Professor Jill Hunter and researcher Sharleigh Crittenden said gender and class barriers had always existed in the jury system and their research was aimed at increasing participation from Indigenous people in the justice system.

“Indigenous political disenfranchisement caused Indigenous presence on the electoral roll (and so on the jury roll or list) to be a work-in-progress taking (and continuing to take) decades. Non-enrolment on the electoral roll is a significant factor in the absence of Indigenous,” they wrote.

“Australians from jury pools, jury panels, and jury rooms. But there are also other major pressure points within jury legislation—as well as beyond it—that contribute to this diminished jury franchise,” according to “Barriers to Indigenous representation on juries,” published by the Australasian Institute of Judicial Administration (pdf).

Tony McAvoy, barrister of Frederick Jordan Chambers and a member of The Voice referendum working group, said the lack of Indigenous jurors was more acute during the trial of Senior Constable Zachary Rolfe and the fatal shooting of 19-year-old Kumanjayi Walker.
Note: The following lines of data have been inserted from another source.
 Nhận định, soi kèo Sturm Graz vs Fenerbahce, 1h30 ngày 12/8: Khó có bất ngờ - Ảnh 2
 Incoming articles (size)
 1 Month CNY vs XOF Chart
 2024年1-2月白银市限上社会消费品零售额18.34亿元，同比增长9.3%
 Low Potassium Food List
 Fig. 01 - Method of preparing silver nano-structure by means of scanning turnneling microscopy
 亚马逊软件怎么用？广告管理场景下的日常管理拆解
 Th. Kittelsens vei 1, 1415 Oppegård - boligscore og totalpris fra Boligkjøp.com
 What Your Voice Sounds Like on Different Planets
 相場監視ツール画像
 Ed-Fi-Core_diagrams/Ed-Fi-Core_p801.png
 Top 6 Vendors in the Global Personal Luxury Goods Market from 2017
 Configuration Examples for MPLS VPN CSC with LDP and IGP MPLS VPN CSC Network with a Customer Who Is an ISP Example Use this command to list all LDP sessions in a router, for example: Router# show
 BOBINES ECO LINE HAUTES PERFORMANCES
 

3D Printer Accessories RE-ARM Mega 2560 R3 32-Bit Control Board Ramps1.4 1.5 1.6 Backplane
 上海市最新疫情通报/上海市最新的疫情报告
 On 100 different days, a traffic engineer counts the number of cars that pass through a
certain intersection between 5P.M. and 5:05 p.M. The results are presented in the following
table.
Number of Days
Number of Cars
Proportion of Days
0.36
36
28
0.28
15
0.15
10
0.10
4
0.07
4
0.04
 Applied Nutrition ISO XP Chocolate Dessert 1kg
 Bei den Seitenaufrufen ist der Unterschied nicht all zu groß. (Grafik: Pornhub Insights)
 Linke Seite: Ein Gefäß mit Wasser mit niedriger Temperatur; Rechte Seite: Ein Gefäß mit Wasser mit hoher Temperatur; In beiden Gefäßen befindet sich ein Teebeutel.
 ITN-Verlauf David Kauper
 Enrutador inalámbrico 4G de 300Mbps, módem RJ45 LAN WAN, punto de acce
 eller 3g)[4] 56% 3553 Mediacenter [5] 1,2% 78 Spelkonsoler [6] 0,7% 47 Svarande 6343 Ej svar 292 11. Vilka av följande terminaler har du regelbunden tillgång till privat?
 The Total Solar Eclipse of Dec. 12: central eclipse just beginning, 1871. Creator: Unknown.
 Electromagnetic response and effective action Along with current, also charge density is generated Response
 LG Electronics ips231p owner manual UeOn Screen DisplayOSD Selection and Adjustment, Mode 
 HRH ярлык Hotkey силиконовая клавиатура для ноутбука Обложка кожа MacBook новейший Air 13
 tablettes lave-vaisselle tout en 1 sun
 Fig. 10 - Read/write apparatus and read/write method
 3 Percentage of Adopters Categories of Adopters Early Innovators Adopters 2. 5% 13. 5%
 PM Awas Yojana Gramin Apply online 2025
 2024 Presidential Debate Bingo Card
“That trial was conducted before a jury that did not include a single Aboriginal person. That fact attracted some media attention when the jury was sworn in and a lot more attention when a not guilty verdict was returned,” he wrote in his Foreword to the report.

“For my own part, there can be no justification that permits a First Nations person in the Northern Territory to be tried before an all-white jury.”

Justice Jenny Blokland of the Supreme Court of the Northern Territory said the “lack of reform” to the court system could not continue.

The Concept of Mixed Juries

The researchers drew on the concept of “jury de medietate linguae” used by Western legal jurisdictions to manage “complex tensions between minority populations and the majority.”

“The jury de medietate originally entitled Jews in medieval England to special mixed juries made up half of Jews and half of Englishmen. After Jews were expelled from England in 1290, foreign merchants were granted the right to special juries comprised ‘one half … of Denizens, and the other half of Aliens,’” the authors wrote.

The concept has been practiced in Ireland, North America, New Zealand, and Australia—the practice was abolished in Australia in the early 20th century.

“[Aboriginal Australians] currently remain under-represented on the electoral roll and, due to their over-representation in the criminal justice system, they are likely to be disproportionally disqualified by legislative provisions limiting eligibility for jury service for those with a criminal history,” the authors wrote.

“Indigenous under-representation remains, to a significant degree, the product of systemic inequalities in the jury selection process, and without appropriate representation ... First Nations people cannot have confidence in the criminal justice system.”

The report comes as Australians prepare to go to the polls to vote on changing their Constitution.

The Indigenous Voice to Parliament proposal will alter the preamble of the Constitution to recognise Aboriginal and Torres Strait Islanders and embed a near-permanent advisory body that will “make representations” to the executive and legislature.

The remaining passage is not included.